Students and teachers who study esophageal cancer must know that gse53625 data set comes from《LncRNA profile study reveals a three-lncRNA signature associated with the survival of esophageal squamous cell carcinoma patients》This article. As far as I know, this should be the largest data set of esophageal squamous cell carcinoma at present, and the classification is simple and clear, that is, cancer and normal tissue. The clinical data is complete, and I feel it is very suitable as the beginning of data mining. Therefore, after finishing the introduction course of Shengxin skill tree, I decided to start with this data set.
1、 Download data
It’s the code given by teacher Xiaojie. At first, I wanted to download it directly from R. however, the school’s network is really poor. This data set of 104mb can’t be downloaded. I can only find the expression matrix from geo and use it to download it. As a result, it took more than an hour to download it (the school’s network really wants to cry without tears). After that, I checked carefully that the file names and sizes of self download and code download are exactly the same. Then extract the expression matrix, clinical data and saverdata.
2、 Gene annotation
According to the code given by Xiao Jie, the next step is grouping and gene annotation. As mentioned earlier, the grouping of this data set is super simple. The second column gives the sample names including normal and cancer. When I thought everything was going well, the problem came when I usedhttp://www.bio-info-trainee.com/1399.htmlWhen looking for the comment file on this website, I found that gpl18109 could not be found. I can only use the second method to download the soft file in GEO, as shown below
You can see that there is only ID column, not the symbol column I am familiar with, but only the corresponding gene sequence. Do you want to make independent annotation? It collapsed. After searching, it seems that there is software that can map gene sequences to gene symbol. Do I have to learn a strange software to do gene conversion? Therefore, I used the keyword “gene sequence” in the official account of the skill tree of Shengxin. Unexpectedly, I found the tweets related to this data set, and also gave the gene annotation files prepared by the predecessorshttps://mp.weixin.qq.com/s/pMVNYn-kMljavQvnhvkS_w。
The documents to be found have been found, and the next step is the key differential gene analysis. After carefully sorting out the data according to the code given by teacher Xiaojie, he excitedly ran limma, logfc and selected 1, P_ Value is 0.05, and then the change column of the table is. It is found that there is no difference gene!!!!
After logfc was adjusted to 0.5, there were only a few hundred differential genes. It has been completely confused here, and even doubted teacher Xiaojie’s code for a second:). In order to verify my results, I searched the data mining articles published with this data set and found an article mining more than 3000 differential genes. The results must be wrong. At this time, I thought of geo2r as a web tool, downloaded the differential expression matrix, and then marked the up-regulated and down-regulated genes with codes. The results were exactly the same as those in the above article. Then everything went well, Volcano map, heat map, go, KEGG.

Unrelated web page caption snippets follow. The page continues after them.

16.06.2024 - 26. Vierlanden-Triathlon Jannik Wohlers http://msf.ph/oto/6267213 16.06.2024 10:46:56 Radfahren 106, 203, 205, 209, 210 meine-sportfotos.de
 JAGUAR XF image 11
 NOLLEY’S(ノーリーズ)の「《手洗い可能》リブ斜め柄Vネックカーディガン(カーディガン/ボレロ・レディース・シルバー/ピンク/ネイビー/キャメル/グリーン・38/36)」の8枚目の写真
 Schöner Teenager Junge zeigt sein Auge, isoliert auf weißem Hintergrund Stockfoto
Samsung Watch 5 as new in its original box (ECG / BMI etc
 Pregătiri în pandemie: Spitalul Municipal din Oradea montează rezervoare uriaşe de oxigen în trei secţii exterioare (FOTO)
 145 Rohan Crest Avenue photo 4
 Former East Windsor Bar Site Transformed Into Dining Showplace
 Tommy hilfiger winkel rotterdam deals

Because I want to do some other analysis with this original expression matrix, I decided to find out the problem. At this time, I noticed that in the first step of data processing, there is a step of log expression. Is it because the expression becomes smaller after log, the difference will not exist? (I didn’t know that the limma package had to log at that time) then I skipped this step and rerun all the code. Miraculously, I got the correct result. When I looked back at the expression matrix
Suddenly realize why the expression amount is so small, and get the correct result after skipping the log step just now….
Finally, I sincerely hope that Xiaojie can talk about this data set in class in the future. It’s really unfriendly for novices!